The Bayesian nature of the network works halfway here. The posterior for the correctly identified model is narrow and centered. The posterior for the misidentified model is also narrow, but centered on the wrong value. The network does not “know” that it does not know, because the signal does resemble a model in the training set. The honest failure mode, where the posterior splits into two peaks signaling ambiguity, appears only when the test data is an M87* model with parameters at the edge of the grid: the network sees two equally plausible models and declares it. For Sgr A*, the confusion is more insidious, because the interferometric signals of the two models are too similar to distinguish.
The comparison between simulations from different codes tests how much the method depends on the choice of simulation, not its ability to generalize to real EHT data. Real data contains additional effects, including the intrinsic variability of Sgr A* on the gravitational timescale of about 20 seconds, that none of the simulations fully reproduce.

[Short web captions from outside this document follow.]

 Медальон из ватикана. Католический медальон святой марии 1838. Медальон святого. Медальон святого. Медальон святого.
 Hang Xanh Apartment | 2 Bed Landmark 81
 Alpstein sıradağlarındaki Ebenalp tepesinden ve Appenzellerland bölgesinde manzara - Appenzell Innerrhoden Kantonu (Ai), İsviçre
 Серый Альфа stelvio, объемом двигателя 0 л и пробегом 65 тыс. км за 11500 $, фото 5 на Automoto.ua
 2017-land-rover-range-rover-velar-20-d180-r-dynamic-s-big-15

The slowest program that beats everything
An underappreciated aspect of Zingularity is speed. Training is the expensive piece, but once trained, inference is nearly instantaneous. Obtaining 100 posteriors from 100 bootstrap resamplings of the EHT data takes 20 seconds on a single GPU. The comparison with the traditional methods used by the EHT collaboration is stark: those require comparing the observed data against hundreds of thousands of models one at a time, averaging over a subset of instrumental effects to isolate the physical signal. It is a process that demands far more computational resources and that, for cost reasons, often explores only part of the parameter space.
Zingularity explores the full parameter space of the magnetohydrodynamic and radiative transfer models in a single pass. And it does so while accounting, in the training data, for the entire signal path. The traditional alternative, to achieve the same result, would require marginalizing over all instrumental effects for every model, a computation that with current data would be prohibitive.

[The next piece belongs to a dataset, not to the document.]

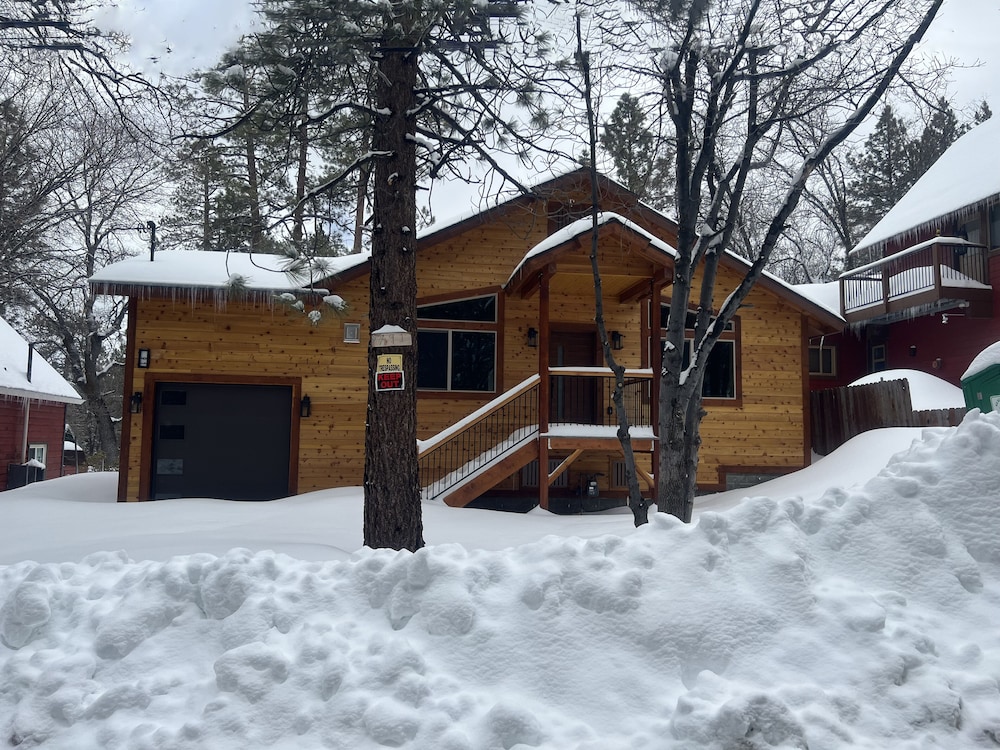 Cabin On Knight view 2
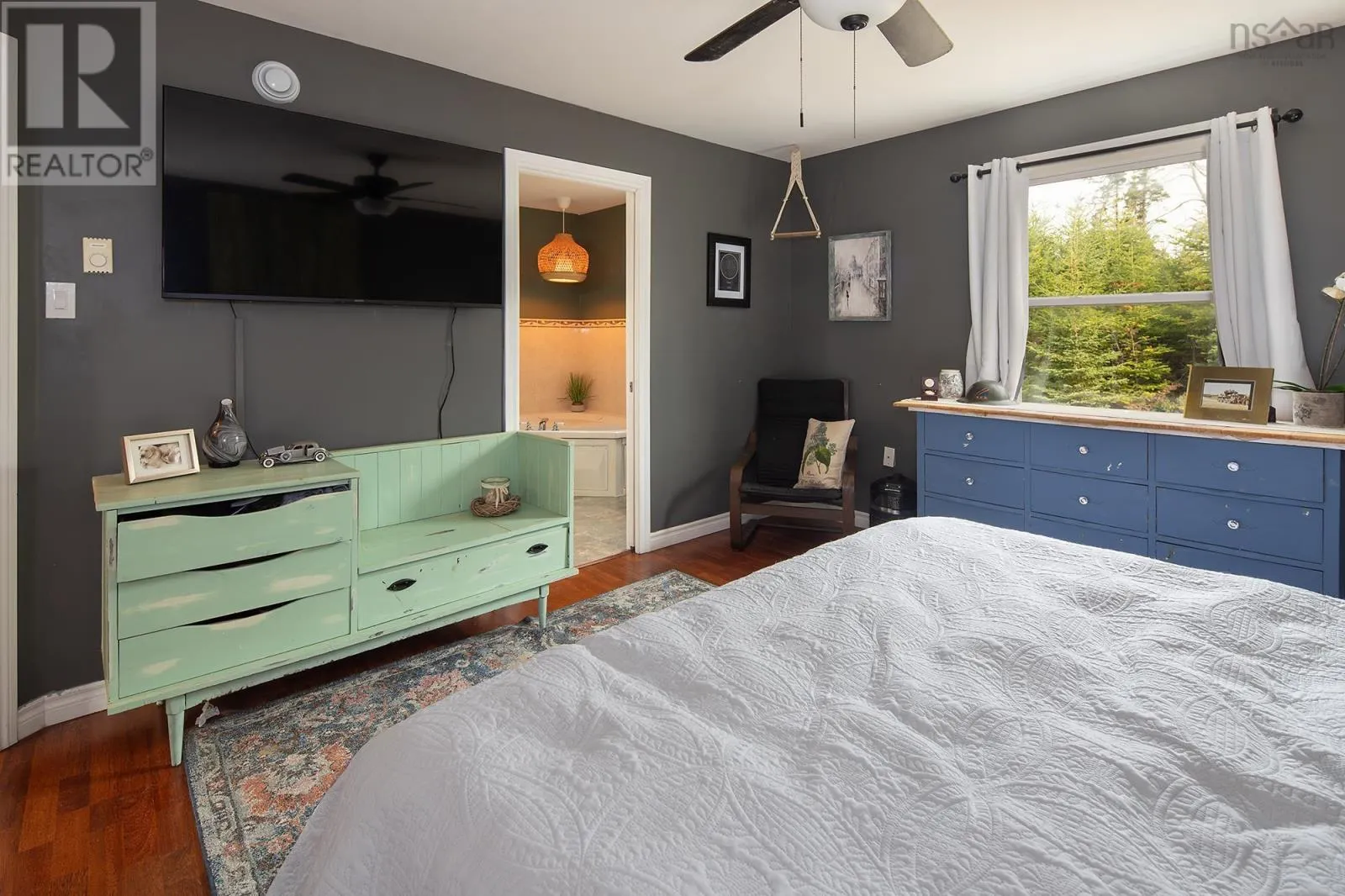 126 Middle Village Road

The speed comes at a cost. The network is tied to the models it was trained on. If the real black hole has properties not covered by the simulation grid (a different chemical composition, magnetic reconnection (the sudden breaking and reassembly of magnetic field lines, which releases energy), a disk tilted relative to the rotation axis), the network has no way of knowing. It gives the closest answer it knows, with an uncertainty calibrated to a universe of possibilities that may not contain the right one.
The gap between the score and reality
The paper closes by stating that it is easy to achieve low validation errors on synthetic data with neural networks, particularly when the forward modeling is too simplified. The sentence applies well beyond the EHT. Every application of machine learning to real scientific data runs into the same problem: the synthetic training data is a model of reality, and every model has limits. The difference between a good program and a dangerous one is the ability to signal when those limits have been reached.
Zingularity does this in two ways: through Bayesian posteriors, which widen or split when the data is ambiguous, and through bootstrapping, a resampling of the observed data that propagates instrumental uncertainties all the way to the final answer. Neither mechanism is perfect. The narrow posterior around the wrong answer, as in the misidentified Sgr A* model, shows the network can fail silently when the data resembles something different too closely. The application of these networks to the actual EHT data, with the results on the physical properties of the two black holes, is the subject of the third paper in the series, published alongside this one in Astronomy & Astrophysics.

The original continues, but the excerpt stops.